• **Data section**
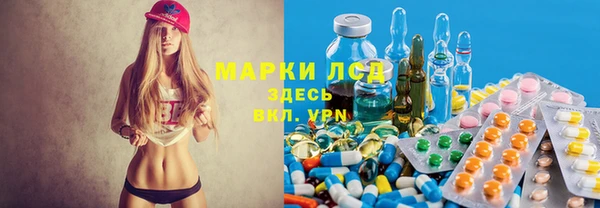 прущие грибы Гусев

---

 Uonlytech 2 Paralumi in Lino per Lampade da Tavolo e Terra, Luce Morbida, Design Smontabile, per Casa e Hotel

---

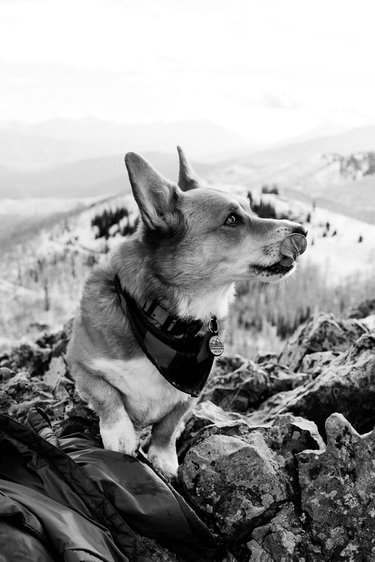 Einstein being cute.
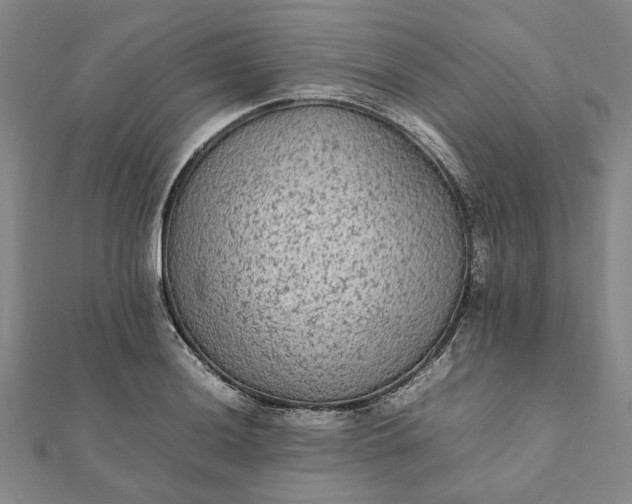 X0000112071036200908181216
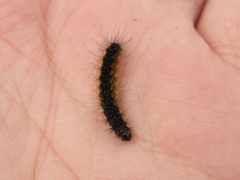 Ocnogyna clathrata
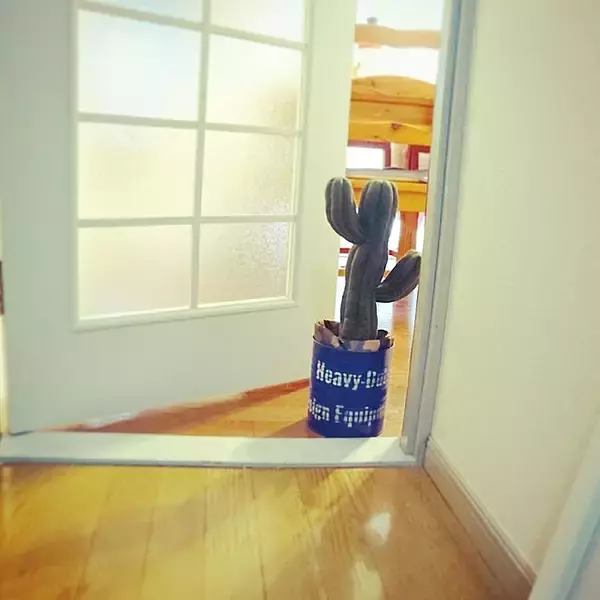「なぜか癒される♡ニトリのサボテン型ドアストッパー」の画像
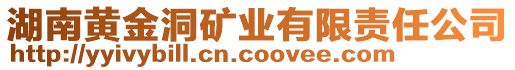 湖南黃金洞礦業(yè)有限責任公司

• **Description of the task**
Above is the material; set down exactly its lines from the one containing "Ocnogyna clathrata" down to the one containing "湖南黃金洞礦業(yè)有限責任公司", both included, leaving out any pictures.

• **Exercise result**
 Ocnogyna clathrata
「なぜか癒される♡ニトリのサボテン型ドアストッパー」の画像
 湖南黃金洞礦業(yè)有限責任公司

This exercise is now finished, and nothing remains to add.